This is a wonderful celebration cake, and it’s sure to please whoever gets to taste it. As long as vanilla and caramel are two of their favorite flavors, that is :) Share this cake with family and friends, and enjoy it! Tell me your favorite flavors and baked goods in the comments below if you’d like – I wanna know all about you guys too!
PrintCaramel Layer Cake
Ingredients
For the cake
- 2 cups white sugar
- 1 cup butter (room temperature)
- 4 eggs
- 1 tablespoon vanilla extract
- 3 cups 12 3/4 oz. all purpose flour
- 1 tablespoon and 1/2 teaspoon baking powder
- 1/2 teaspoon salt
- 1 1/4 cup milk (I used 2%, use whatever you have)
For the buttercream
- 3 sticks + 2 tablespoons unsalted butter (room temperature)
- 3 cups confectioners’ sugar (sifted)
- 3 tablespoons milk or cream
- 1 tablespoon pure vanilla extract
- 1/2 cup caramel sauce + 1/4 cup for assembly (homemade or store bought is fine)
Instructions
- Preheat oven to 350 degrees F (175 degrees C). Grease and flour two 8″ or 9″ inch round cake pans.

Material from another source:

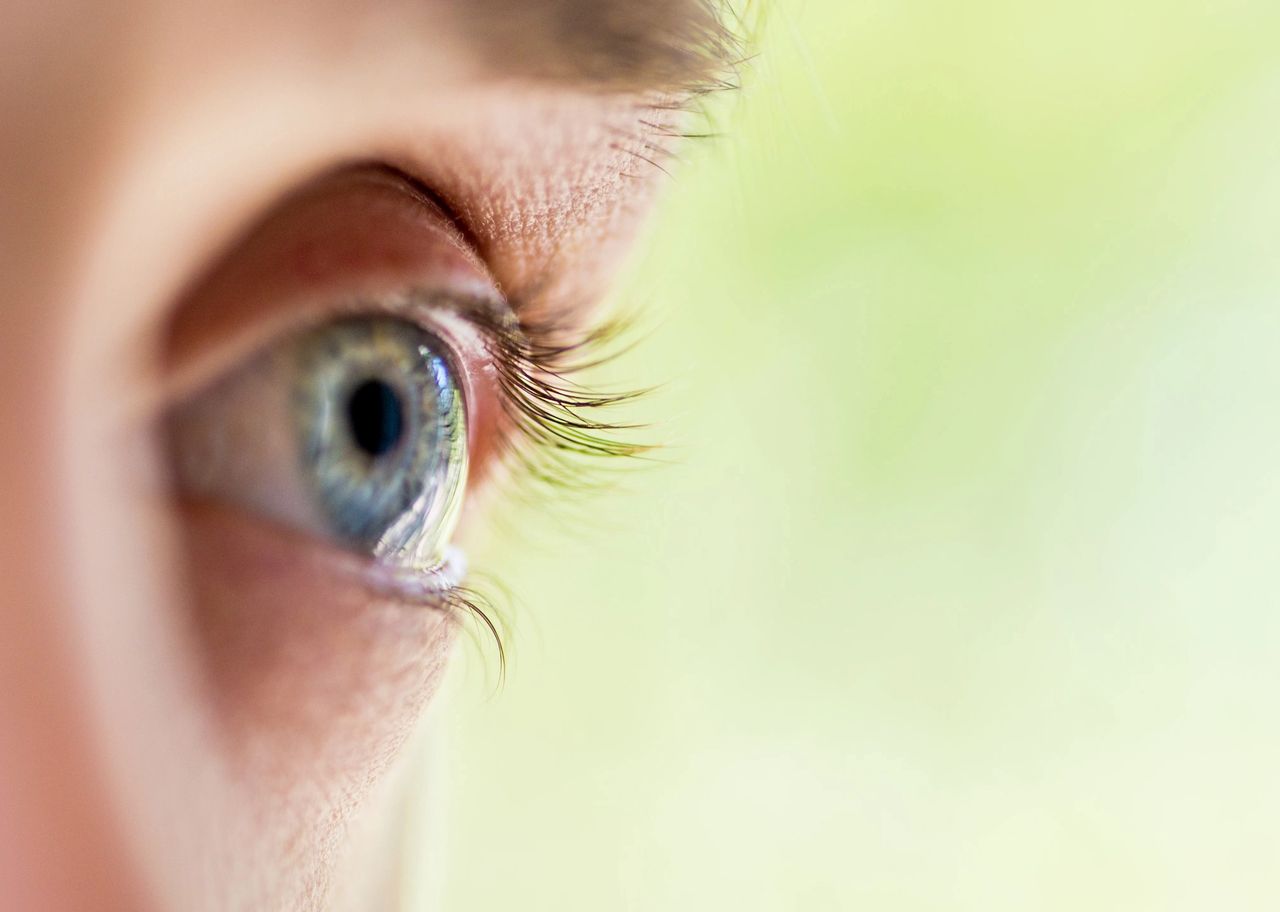 Close-up of a person's eye as they loom ahead.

- In a medium bowl or stand mixer, cream together the sugar and butter until light and fluffy, about 3-4 minutes. Beat in the eggs one at a time, making sure each is completely incorporated before adding the next, then stir in the vanilla. Combine flour, salt and baking powder in a separate bowl. Fold into the batter until completely combined. Stir in the milk until batter is smooth. Pour batter equally into the prepared pans.
- Bake for 30 to 40 minutes in the preheated oven. Cake is done when it springs back to the touch.
For the buttercream
- In the bowl of a stand mixer fitted with the paddle attachment, whip butter for 8 minutes. Butter will become very pale & creamy.
- Add remaining ingredients except caramel and mix on low speed for 1 minute, then on medium for 4 minutes. Frosting will be very light, creamy and fluffy. Add the caramel and mix for another 2 minutes.
- Best used right away (for ideal spreading consistency).
For assembly
- Place a small dollop of frosting in the center of your serving plate or a cake board, and place the bottom cake layer on top.
- Spread the reserved 1/4 cup of caramel over the top of the cake layer. Spread 1 cup of frosting on top of the caramel and spread evenly.
- Place 2nd cake layer face-down on top. Place a generous scoop of frosting on top, and frost however desired! For this cake, I just dolloped the frosting around and swirled it with the edge of a rubber spatula. Feel free to frost however you like best.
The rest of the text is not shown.